The Appel Farm Arts and Music Festival was an annual one-day festival held the first Saturday in June at Appel Farm Arts and Music Center located near Elmer, in Salem County, New Jersey, United States. Appel Farm's signature concert event featured a juried crafts fair, a Children's Village with games and activities, and beer and wine tents. The festival's draw extended beyond New Jersey, attracting audiences of up to 10,000 from the entire mid-Atlantic region and beyond.

== History ==

In 1988, Appel Farm's Executive Director, Mark Packer, and Sean Timmons, Artistic Director, conceived of a one-day musical event to present acclaimed performers to audiences in a rural corner of New Jersey and to celebrate the 30 year anniversary of the Appel Farm Arts Camp. Both were familiar with other festivals but wanted their endeavor to have its own identity. Ultimately, they created a signature event celebrating the craft of the songwriter and showcasing high quality craft artists and children's activities.

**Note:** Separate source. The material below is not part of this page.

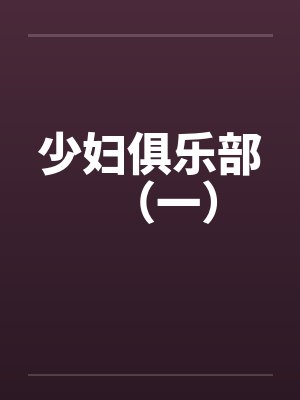 少妇俱乐部（一）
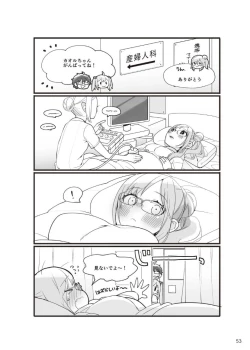 Page 54 of やらなくてもまんがで解る性交と妊娠 赤ちゃんのつくり方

“We focus on great songwriting,” said Timmons in a 2006 interview. “That’s really the thrust of what we’re about. They could be folk, country, rock, Latin, hip-hop, anything – we never feel our hands are tied.”

The first festival, held on May 13, 1989, at a 176 acre site that was formerly a farm, set a precedent, presenting recognized artists alongside local and lesser-known performers. Singer/songwriters Don McLean, Tom Rush, and Livingston Taylor were headliners while The Taproom Band, Elaine Silver, the Pinelands Dulcimer Society and Shirley Keller provided a more regional flavor. Approximately 800 people attended that first festival, which grew to draw crowds of upwards of 10,000 while remaining true to the spirit of its founding principles. Over time, the Festival earned a reputation as the “Woodstock of South Jersey” for its eclectic variety of musicians and its rural setting.

The Festival was held on the first Saturday of June since 1990, drawing music enthusiasts from throughout the Northeastern corridor of the United States, and from as far away as Texas and California. The family oriented, daylong event offered a lineup of as many as twelve musicians and musical groups, including both recognized as well as emerging artists, performing on two outdoor stages. The Festival also incorporated a Children's Village featuring children's theater performances and arts activities and a juried Crafts Fair, which included exhibitions and demonstrations of artwork in an array of media by over 50 artists.

Artist Greg Nemec designed the iconic festival posters for the first twenty years.

Over its history, the event received several honors and awards, including two Governor's Awards for Tourism (2008 and 2004) and Philadelphia Magazine's “Best of Philly” Award in the category of Folk Festival in 1992. Appel Farm was voted “Best Performance Venue” in South Jersey Magazine's 2007 “Best of the Best” Awards. The Festival's Craft Fair was given a four-star (excellent) rating by the Montclair Craft Guild.

The Festival took a one-year hiatus in 2009 and roared back with a one-stage event featuring The Avett Brothers, Sharon Jones & The Dap-Kings, Enter The Haggis and more in 2010. In 2011, a full line up on two stages featured an eclectic line up including Gogol Bordello (acoustic), Josh Ritter & The Royal City Band, Ani DiFranco, Trombone Shorty & Orleans Avenue, Good Old War and more.

== Past Performers ==
2012: Tedeschi Trucks Band, Dawes, Carolina Chocolate Drops, Rodney Crowell, Jukebox the Ghost, Quincy Mumford and the Reason Why, Cheryl Wheeler, Sara Watkins, Brother Joscephus and the Love Revival Revolution Orchestra, Scrapomatic, and Mason Porter.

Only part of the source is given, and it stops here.